Provided material:
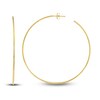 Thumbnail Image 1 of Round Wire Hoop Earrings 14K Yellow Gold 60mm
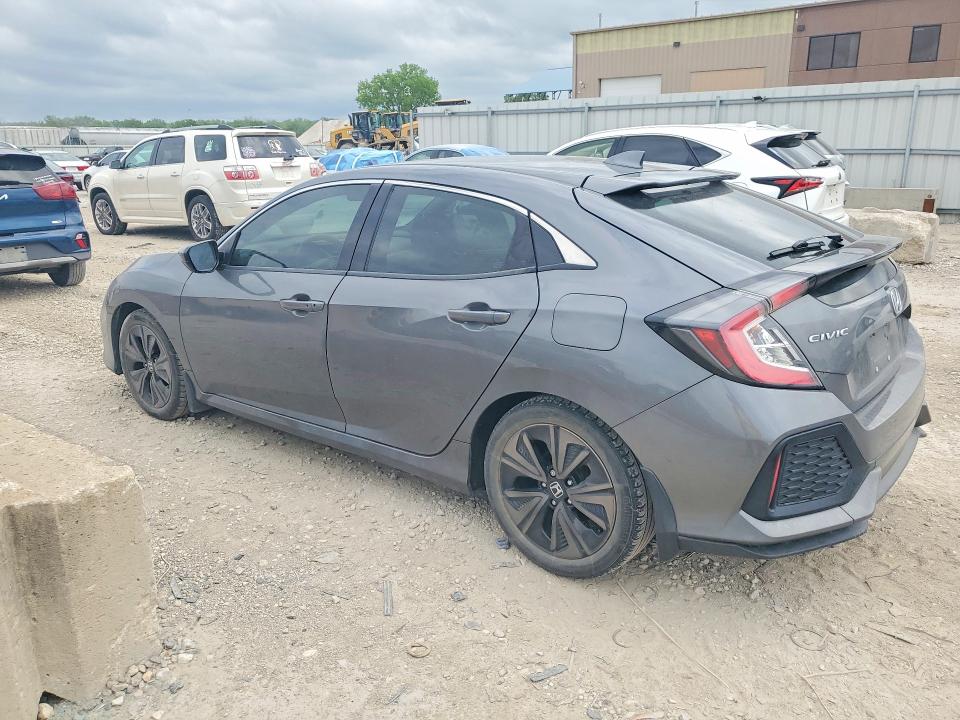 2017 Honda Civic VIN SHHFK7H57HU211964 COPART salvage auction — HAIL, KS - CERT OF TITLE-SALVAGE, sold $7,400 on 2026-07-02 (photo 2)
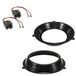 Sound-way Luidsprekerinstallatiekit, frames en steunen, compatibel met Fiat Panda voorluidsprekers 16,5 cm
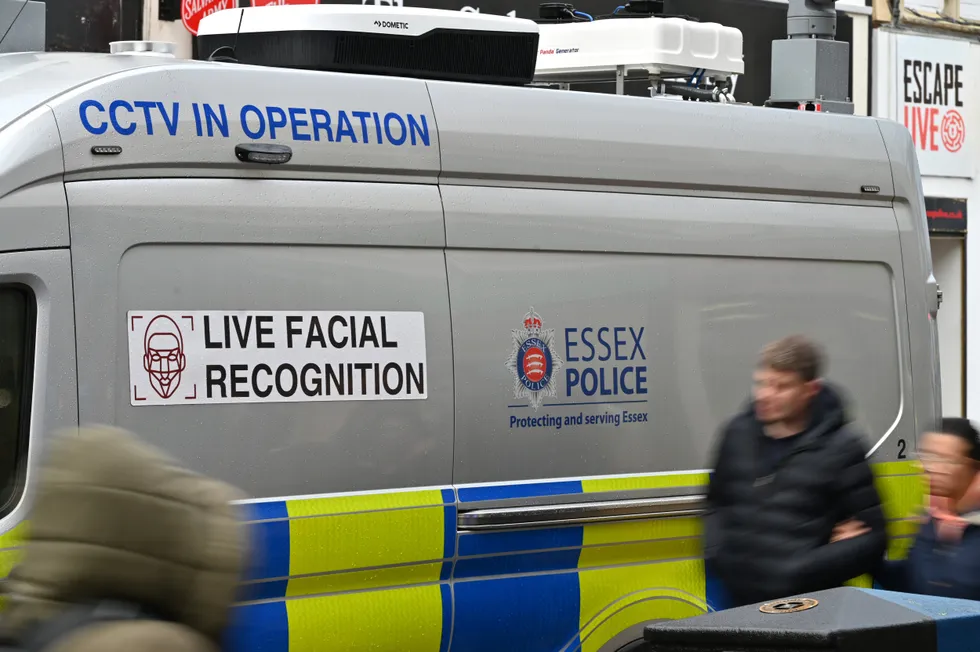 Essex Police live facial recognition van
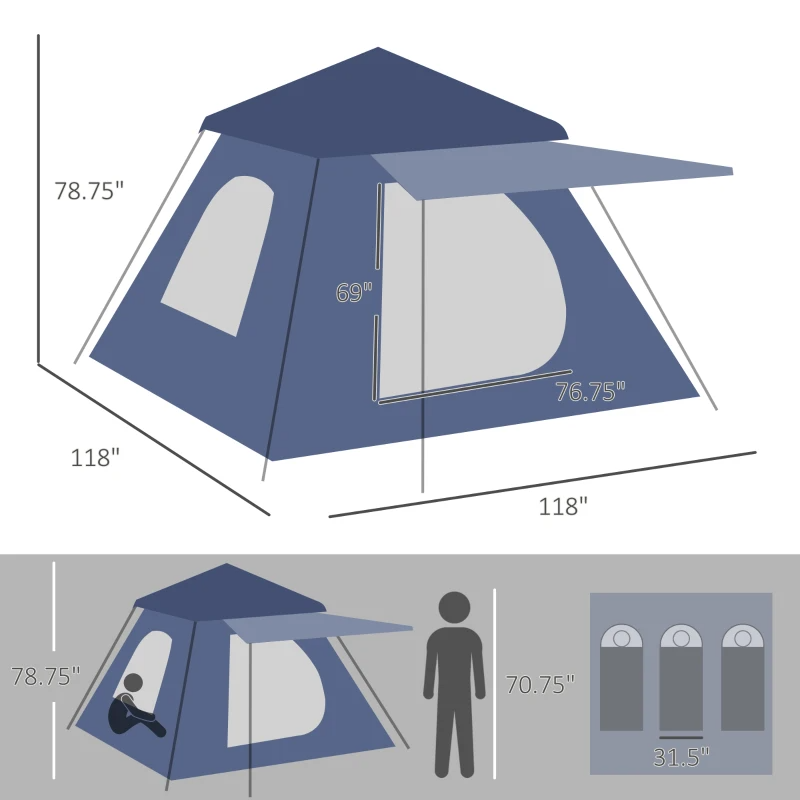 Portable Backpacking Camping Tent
--
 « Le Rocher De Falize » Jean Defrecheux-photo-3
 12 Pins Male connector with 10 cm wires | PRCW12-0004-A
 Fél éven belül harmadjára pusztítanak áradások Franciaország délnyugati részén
* * *
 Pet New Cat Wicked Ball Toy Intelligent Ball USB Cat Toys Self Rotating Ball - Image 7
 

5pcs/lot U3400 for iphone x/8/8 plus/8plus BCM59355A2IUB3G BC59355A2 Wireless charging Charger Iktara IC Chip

Instructions to follow: Print, exactly, each line above from the one with "Thumbnail Image 1" to the one with "Portable Backpacking Camping Tent", end lines included. Leave pictures out of it.

Solution to this task:
 Thumbnail Image 1 of Round Wire Hoop Earrings 14K Yellow Gold 60mm
 2017 Honda Civic VIN SHHFK7H57HU211964 COPART salvage auction — HAIL, KS - CERT OF TITLE-SALVAGE, sold $7,400 on 2026-07-02 (photo 2)
 Sound-way Luidsprekerinstallatiekit, frames en steunen, compatibel met Fiat Panda voorluidsprekers 16,5 cm
 Essex Police live facial recognition van
 Portable Backpacking Camping Tent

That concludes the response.